Combining Data and Imagination in Historical Linguistics (LING 27)!
I've been having a lot of fun in LING 27: Historical Linguistics this term—here's what it's all about!
"Tied to the Earth with a Clamp": My Class on Virginia Woolf
I'm taking CRWT 40.12 as the final class for my English minor this term and absolutely loving it!
A Week In My Life: Hanover Off Term Edition!

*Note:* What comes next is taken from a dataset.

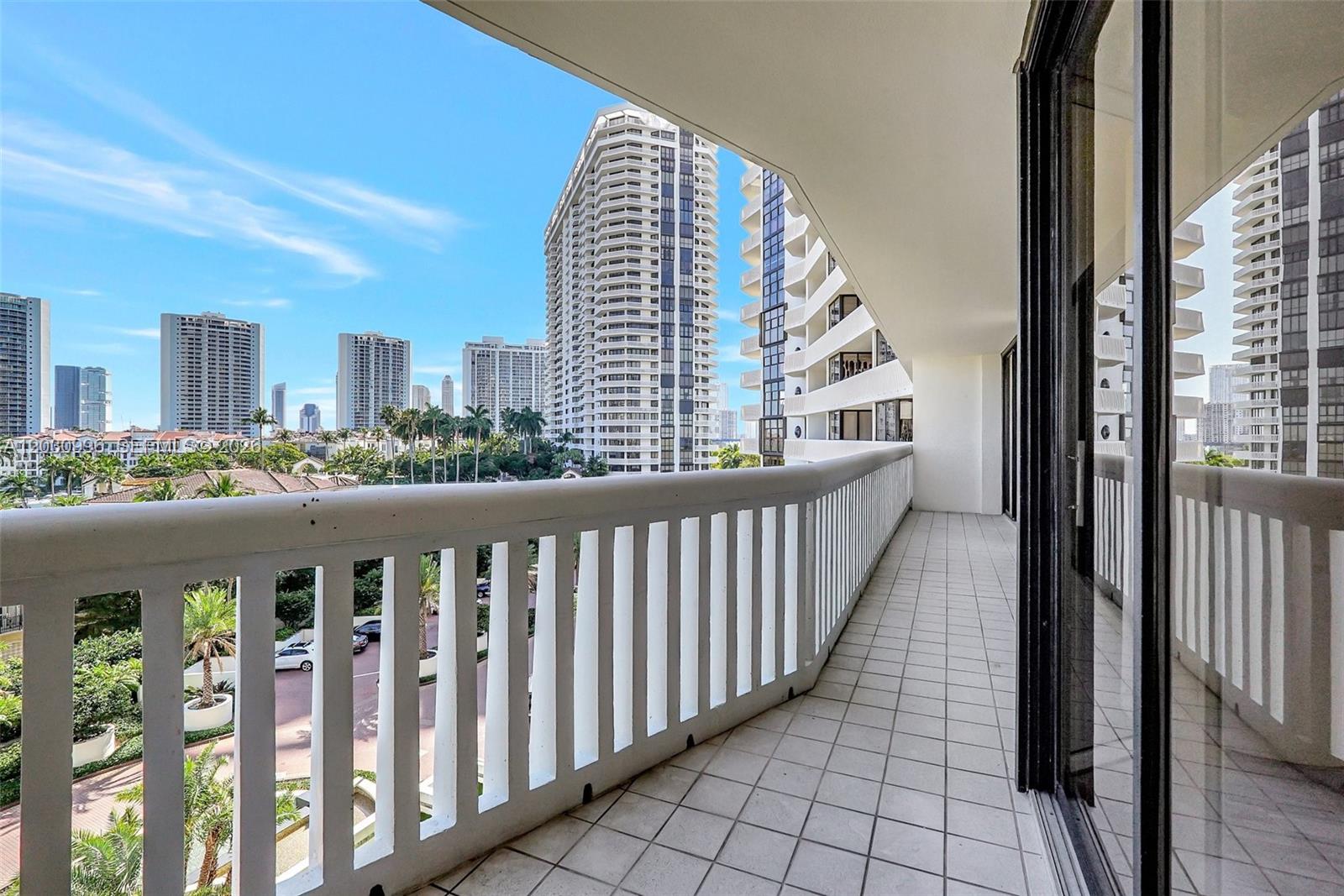 1000 ISL BLVD WILLIAMS IS - Residential Lease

For two of my off terms, I decided to stay in Hanover and work as an Admissions senior fellow. Here's a week in my life during one of those terms!
- No. 1
I had the time to sleep in this Sunday, which I always appreciate! This Sunday was mostly a day to catch up on things at home before the work week started: I did my laundry, cleaned my room and my rats’ cage, and organized some move-in logistics for my house’s residents this coming fall. I also had some time to call my mom, which is always nice because I almost never actually get to see her. In the evening, a friend of mine made some delicious tacos (seriously, probably the best I've ever had) that we enjoyed with our housemates and a couple of our next-door neighbors! Before I went to bed, I took some time to journal, something I’ve been trying to make a habit of recently.
- No. 2
My Monday morning started with a sunny walk to the Admissions office—I live just three blocks away, which is super convenient (I promise I'm happier than I look in the BeReal)! Once I got to work, I did some writing for my blog and sent some emails to recruit panelists for virtual admissions events, among other things. In the afternoon, I gave a campus tour to a group of prospective students and their families. Being a tour guide is how I got involved in admissions in the first place, and this was my 67th campus tour. I found out recently that I have the highest tour count of any current undergraduate, which was both surprising and exciting! After going home for the evening, I sat down to watch Coraline at my Greek house’s weekly open-to-campus movie night. It’s one of my favorite childhood movies, and it was a nice way to indulge in nostalgia and wind down for the night.
- No. 3
Today’s work day was a busy one—first thing in the morning, I delivered an info session to a group of students and parents before they headed out on their campus tour. The presentation entails 30 minutes of uninterrupted public speaking, which was a little scary leading up to my first couple of info sessions, but over the summer, I’ve gotten pretty comfortable with it, and it’s a lot of fun! My favorite part is talking to families with questions afterward, especially because it always encourages me to reflect on elements of my Dartmouth experience I never would’ve otherwise. In my opinion, that's been the most rewarding part of working for Dartmouth's Admissions office overall: there are constant opportunities to engage in reflection on my own time at Dartmouth, which has been really positive for my personal growth. In the evening, I once again found myself getting ready to watch a movie with a friend–it’s been a pretty movie-heavy week so far, but I finally got to see Midsommar after months of hearing that I absolutely had to watch it, and it was definitely worth it.